Sunday, May 24, 2009

Correct Lens Distortion

I'm a big fan of raw processing. I use Lightroom to process raw photographs from both my cameras (a Canon 5d and a Panasonic DMC-LX2) because it gives me lots of advantages:

  • White balance Correction. More often than not, the camera gets the white balance wrong. Sometimes the adjustment is minor, but other times (e.g. indoors with the Panasonic), the adjustment is quite drastic.
  • Recovery of blown highlights. I try to expose to the right when I shoot in order to maintain as much shadow detail as possible. Sometimes, I'll blow the highlights out slightly. Not to worry, with Lightroom I can recover these blown highlights while retaining the detail captured in the shadows.
  • Adjustments (e.g. curves) done in 12+ bits to preserve smoothness of the curves.
  • Production of finished photos using lossless compression - important if you are going to edit the photo again and again.
However, some camera manufacturers are packing more and more processing into the camera itself. This is due to competitive pressure as well as the continual improvement in the raw processing horspower available to camera manufacturers. Most "normal" digital cameras are capable of doing white balance adjustment, color correction, saturation adjustments, sharpening and Jpeg compression in the camera. But, now we're starting to see cameras, such as the Panasonic DMC-TZ5, correct for lens distortion.

This raises a bit of a dilemma. Should you give up the advantages of external raw processing in order to avail yourself of in-camera lens distortion?

Fortunately, help is near at hand. There are several software packages that you can download to help you correct lens distortion in your camera. DxO Pro is certainly a leading candidate, but it is not cheap! A less expensive option is PTlens from Thomas Niemann. This Photoshop plug-in has profiles for all my Canon lenses as well as for my fixed lens Panasonic DMC-LX2. Here's a review of the software on the Digital Outback Photo site.
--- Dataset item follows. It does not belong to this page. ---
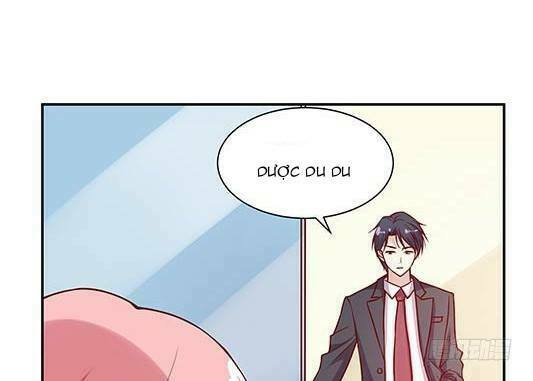 JM Đặc Thù Khách Nhân Phục Vụ Bộ: Chapter 70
The best news is that the software can be evaluated for free and only costs $25 to license. In this day and age, that is a bargoon!

Here's an example of a photo corrected with PTLens. The photo was taken from the Top of the Rock (top of the Rockefeller Center in New York) with my Canon 5d and the 24-105 L lens at its widest (24mm). There is a lot of perspective distortion:

I edited the photo in Lightroom to correct the exposure and then exported it to Photoshop with Lightroom edits intact. While in Photoshop, I ran Noise Ninja to remove noise, then used smart sharpen to do some sharpening and ran PTLens to correct the distortion. My final adjustment was to run the Velvia Vision action to add some local contrast and more saturation.

Here's the result:

As you can see, PTLens has corrected the perspective distortion and vignetting. It has also automatically corrected for my lens' pincushion or barrel distortion at the 24mm mark.

The software is amazingly intuitive and does a splendid job of fixing lens issues.

Photoshop CS4 has a very good lens distortion filter, but I prefer PTLens because it runs as a Lightroom external editor and quite often I prefer to stay in Lightroom and edit my photos.